Quelques dames se trouvaient un jour réunies à Dublin dans le but de lire les Écritures et d’en faire le sujet de leur entretien. Elles lisaient le chapitre trois de Malachie. L’une d’elles exposa la pensée que « la potasse des foulons » et « l’affineur d’argent » représentaient tous deux le même point de vue, savoir l’influence sanctifiante de la grâce de Christ. Une autre dame fit observer qu’il y a quelque chose de remarquable dans ces mots : « et Il s’assiéra comme Celui qui affine et purifie l’argent ».
Afin de se rendre compte de la force de l’expression contenue dans ces paroles, une des personnes présentes se chargea d’aller rendre visite à un orfèvre, puis de rendre compte à ces compagnes de ce qu’elle aurait pu apprendre à ce sujet.
Elle s’y rendit en effet et sans faire part à l’artisan du but de sa démarche, elle lui demanda de lui faire connaître le procédé qu’il employait pour affiner l’argent. L’orfèvre lui donna toutes les explications qu’elle désirait.
Mais, demanda-t-elle, est-ce que vous vous asseyez, tandis que le travail d’affinage se poursuit ?
Oui, Madame, je dois m’asseoir et arrêter finement mon regard sur le creuset, car si le temps nécessaire à l’affinage était dépassé, il est certain que l’argent serait endommagé.
La dame comprit alors la beauté et la force de ces mots : « Et il s’assiéra comme celui qui affine l’argent et purifie l’argent » (Mal. 3. 3).
Christ estime souvent nécessaire de placer ses rachetés dans la fournaise, mais Il est assis près du creuset, son regard constamment fixé sur le travail de la purification ; la sagesse et l’amour sont engagés au plus haut point sur les sujets de l’affinage.
Comme Madame X. se retirait, l’orfèvre la rappela et lui dit qu’il avait oublié de mentionner que son travail n’était achevé qu’au moment où il pouvait voir sa propre image reflétée par l’argent.
Figure magnifique de Christ, qui, lorsqu’Il voit sa propre image reflétée par les Siens, met fin au travail de la purification. Quelqu’un a dit avec raison : « Si tu es un enfant de Dieu, tu ne seras pas exempt de la discipline de la famille ; la voix qui parle semble dure, mais la main qui frappe est douce ». La fournaise peut être chauffée sept fois (Daniel 3. 19), mais l’affineur se tient auprès d’elle. Son dessein n’est pas de consumer, mais de purifier. Tout, soyez-en persuadé, portera l’empreinte de l’amour. Le saint sur la terre peut dire, en jetant un regard de foi et de confiance sur le Dispensateur des épreuves, qu’il traverse : « Je sais, ô Éternel ! Que tes jugements sont justice » (Psaume 119. 75). Le saint dans la gloire peut faire un pas de plus et dire : « Je vois, ô Seigneur, qu’ils sont tels ».
Croyant, jette un regard en arrière sur les épreuves les plus douloureuses, et dis-moi : « Étaient-elles inutiles ? Elles peuvent t’avoir conduit à un Sarepta, à un lieu de fournaise, mais c’était pour t’y montrer quelqu’un semblable au Fils de Dieu.
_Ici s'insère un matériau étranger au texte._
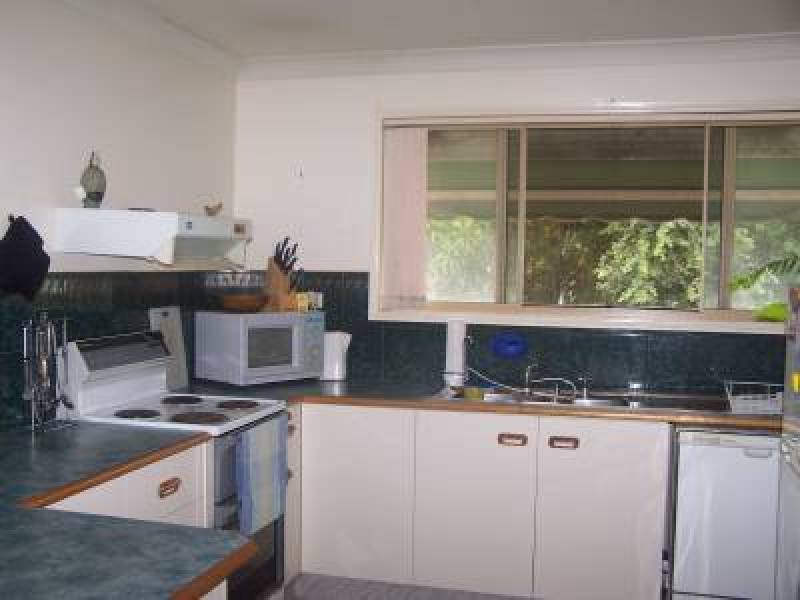 31 Rajah Road, Ocean Shores NSW 2483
Quand est-ce que ton Dieu a jamais été si près de toi, ou toi si près de ton Dieu, sinon dans la fournaise de feu ? Les parfums du temple d’autrefois étaient broyés ; l’or du chandelier était battu.
Mon âme repose en paix dans les afflictions que tu traverses ; tu as une occasion de Le glorifier, que les anges ne possèdent pas dans leur sphère exempte d’épreuves. Là, patient sous la discipline, sois soumis à la volonté de Dieu (1 Pierre 1. 7 ; Jac. 1. 12).